Set down the final stretch of the data, from the line that holds "Beautiful young woman" through the last line, both included, with pictures left out.

Captioned web images:
= = = =

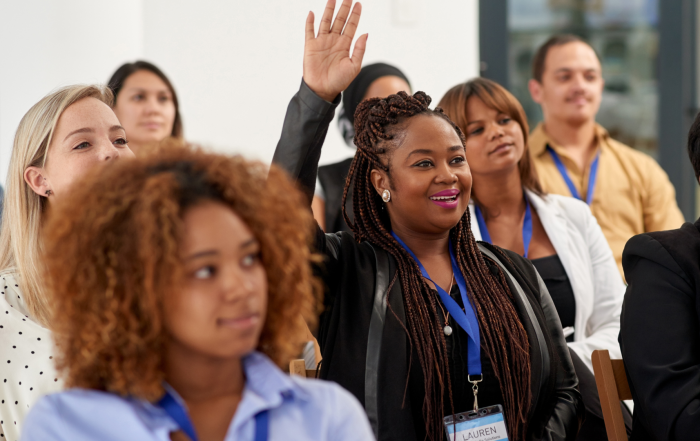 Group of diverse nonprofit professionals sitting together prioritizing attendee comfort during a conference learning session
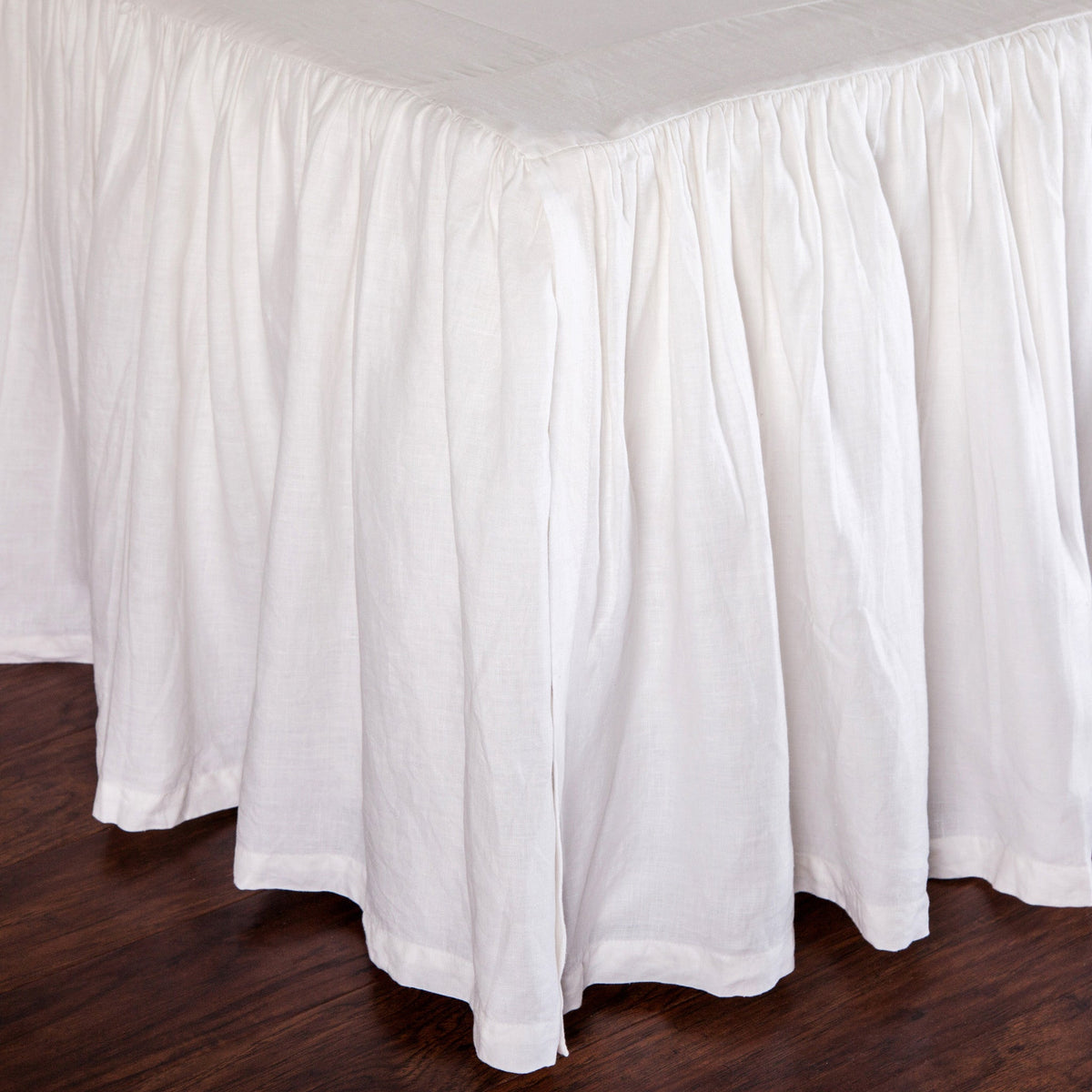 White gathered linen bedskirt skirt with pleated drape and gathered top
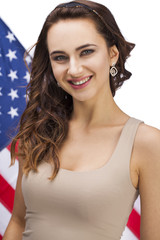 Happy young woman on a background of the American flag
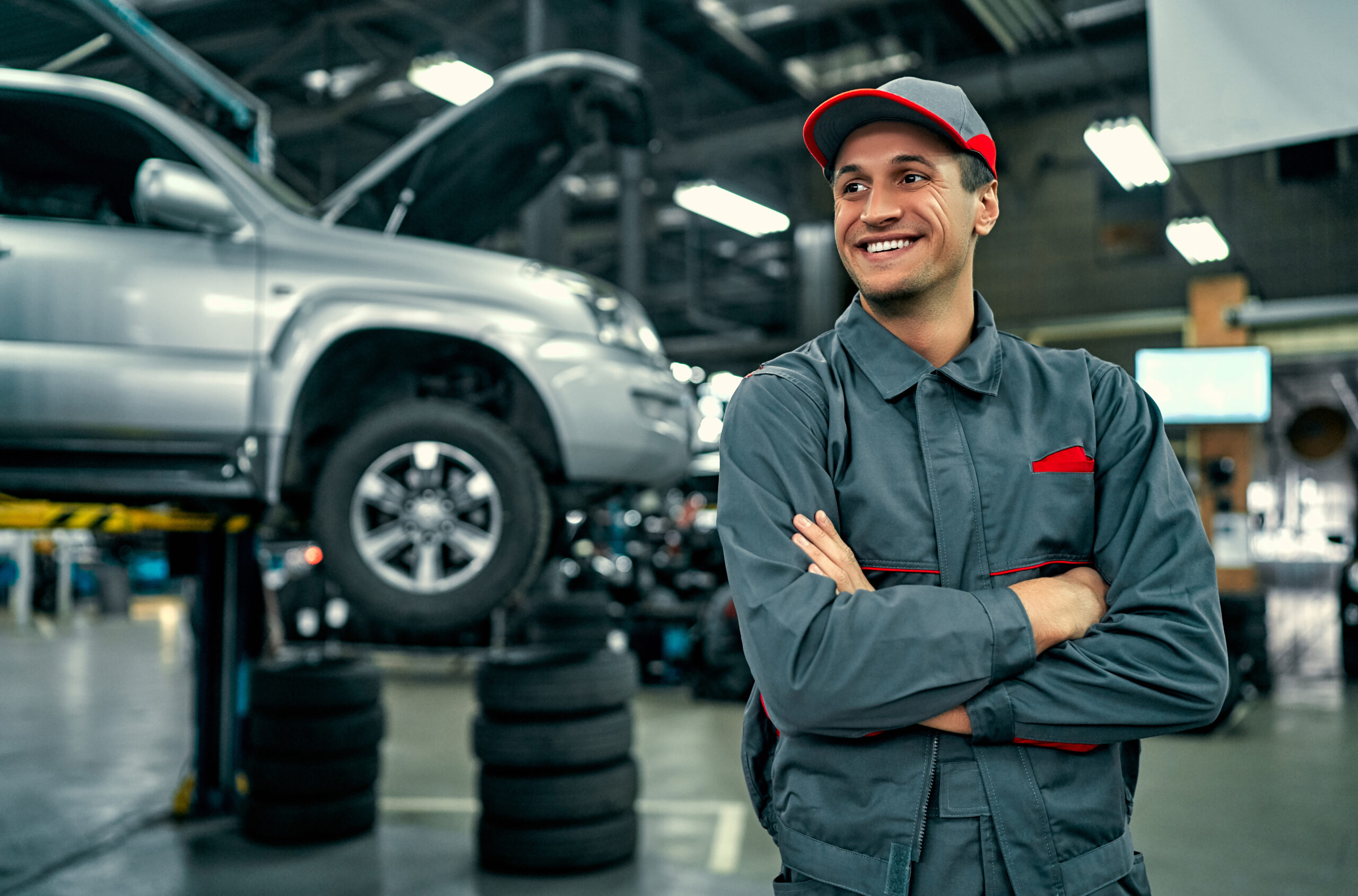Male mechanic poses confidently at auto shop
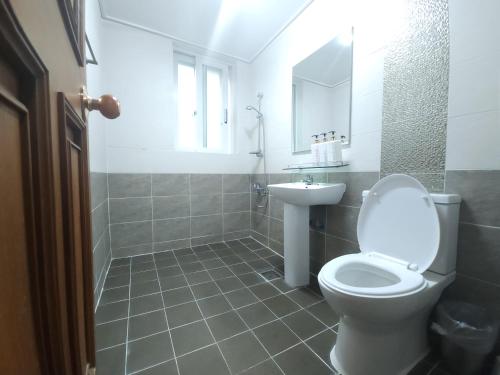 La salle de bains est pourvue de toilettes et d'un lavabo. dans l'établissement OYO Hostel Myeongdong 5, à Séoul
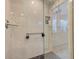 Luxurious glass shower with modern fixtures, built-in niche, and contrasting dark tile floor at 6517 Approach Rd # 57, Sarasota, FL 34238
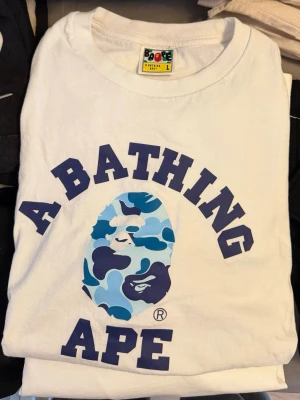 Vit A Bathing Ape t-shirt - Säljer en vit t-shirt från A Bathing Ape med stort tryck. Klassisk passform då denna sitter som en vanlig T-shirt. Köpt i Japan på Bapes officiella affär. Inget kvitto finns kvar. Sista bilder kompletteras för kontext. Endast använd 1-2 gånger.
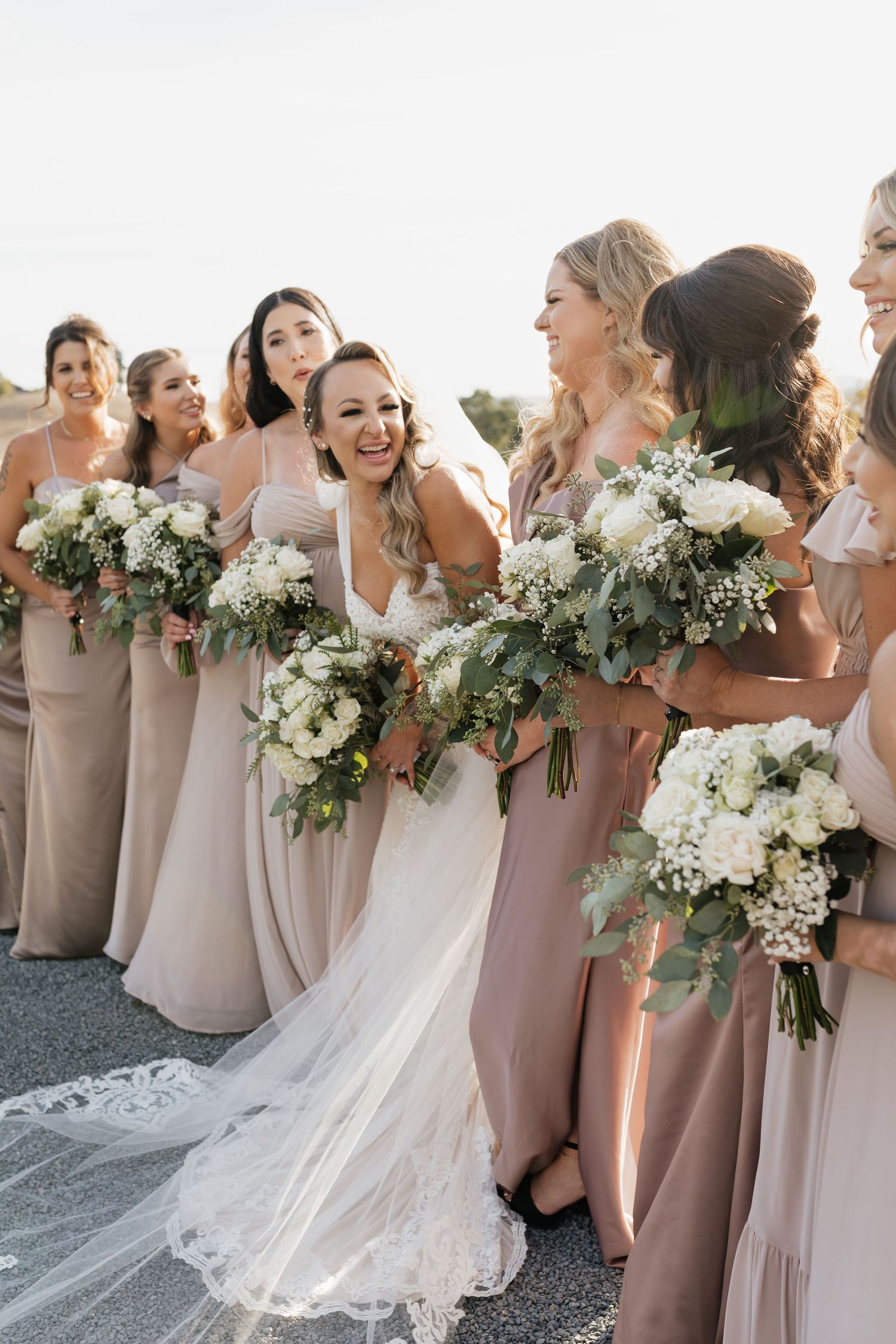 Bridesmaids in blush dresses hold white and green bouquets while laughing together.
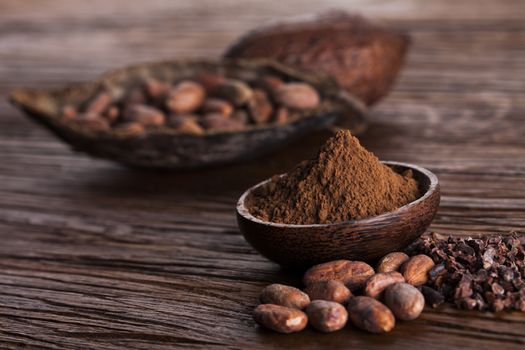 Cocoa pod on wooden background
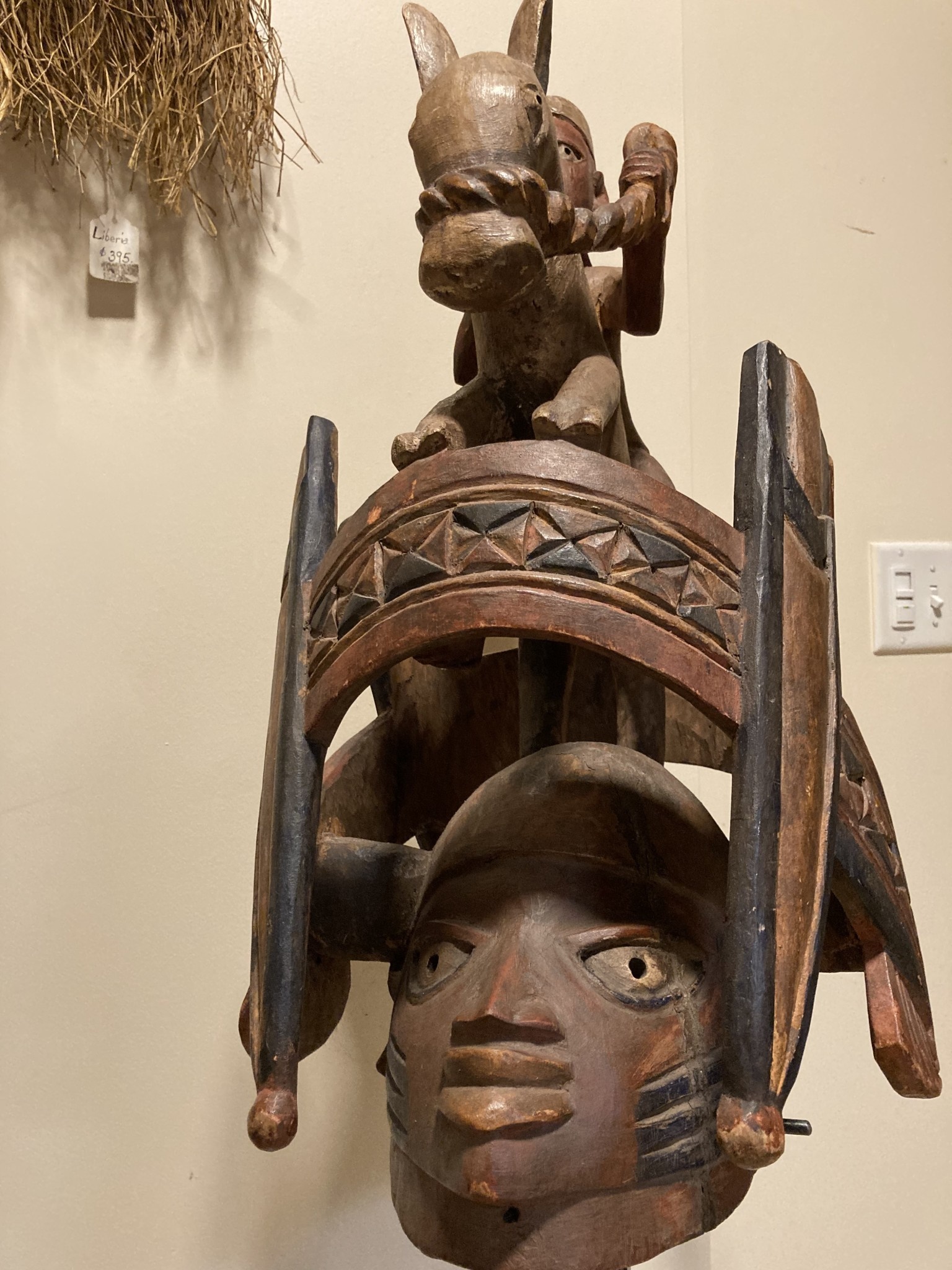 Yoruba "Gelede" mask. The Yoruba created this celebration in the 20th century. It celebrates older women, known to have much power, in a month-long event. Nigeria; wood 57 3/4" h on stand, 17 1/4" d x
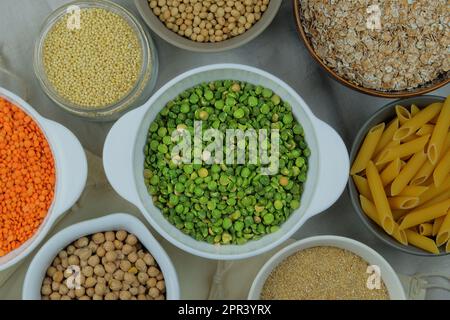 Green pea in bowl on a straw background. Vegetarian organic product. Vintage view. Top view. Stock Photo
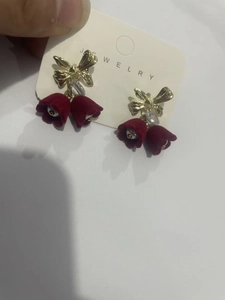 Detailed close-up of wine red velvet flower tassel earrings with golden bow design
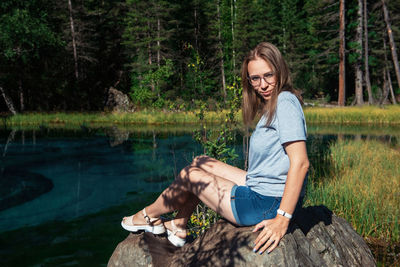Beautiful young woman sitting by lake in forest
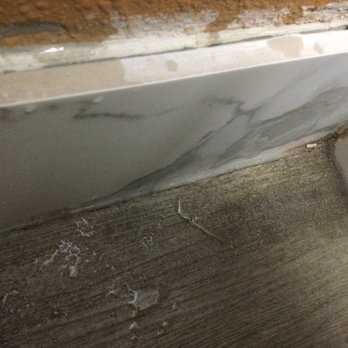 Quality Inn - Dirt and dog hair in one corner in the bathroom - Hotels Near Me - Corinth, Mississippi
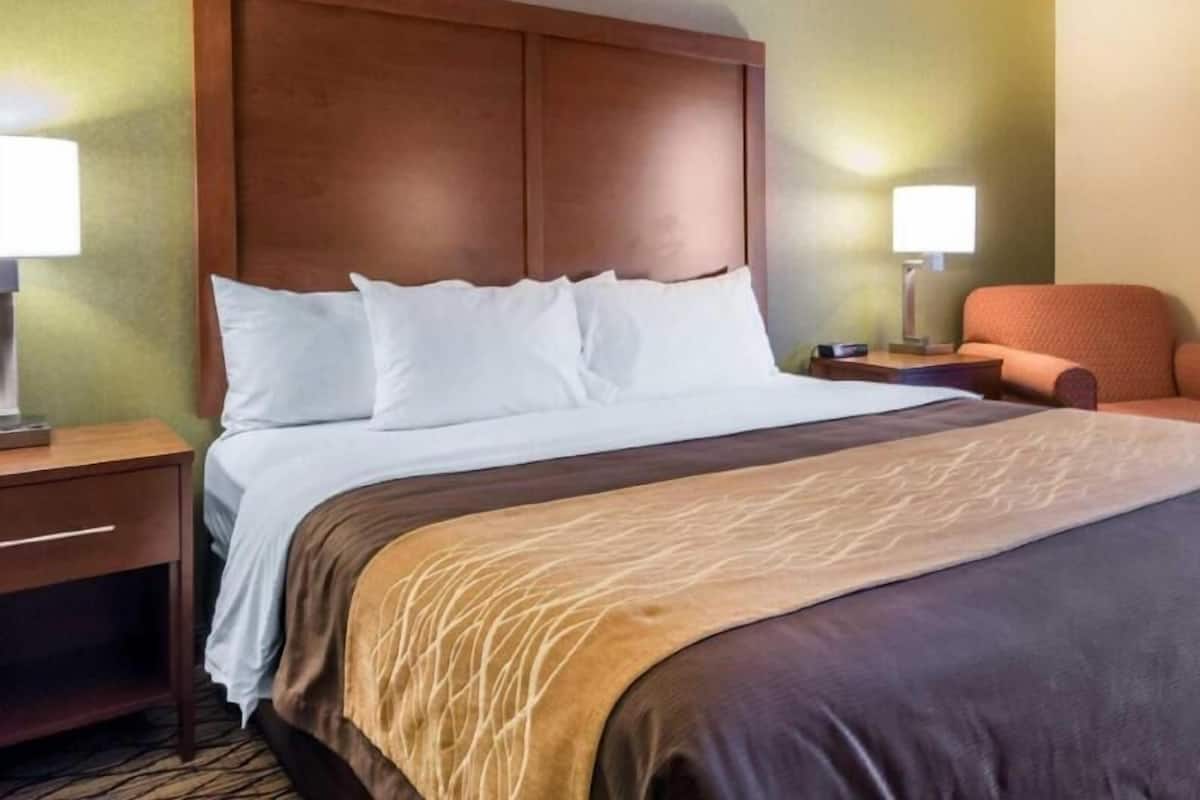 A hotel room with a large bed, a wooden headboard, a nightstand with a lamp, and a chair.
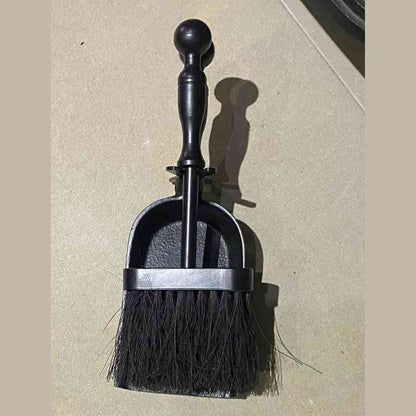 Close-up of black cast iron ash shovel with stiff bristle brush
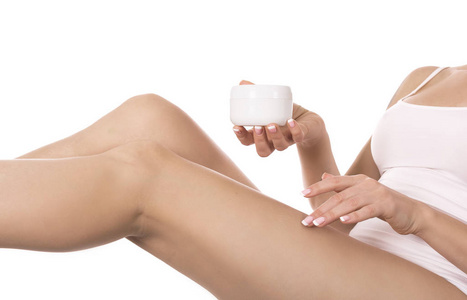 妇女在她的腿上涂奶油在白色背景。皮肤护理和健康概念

= = = =

__SOLUTION FOR THIS TASK__.
Beautiful young woman sitting by lake in forest
 Quality Inn - Dirt and dog hair in one corner in the bathroom - Hotels Near Me - Corinth, Mississippi
 A hotel room with a large bed, a wooden headboard, a nightstand with a lamp, and a chair.
 Close-up of black cast iron ash shovel with stiff bristle brush
 妇女在她的腿上涂奶油在白色背景。皮肤护理和健康概念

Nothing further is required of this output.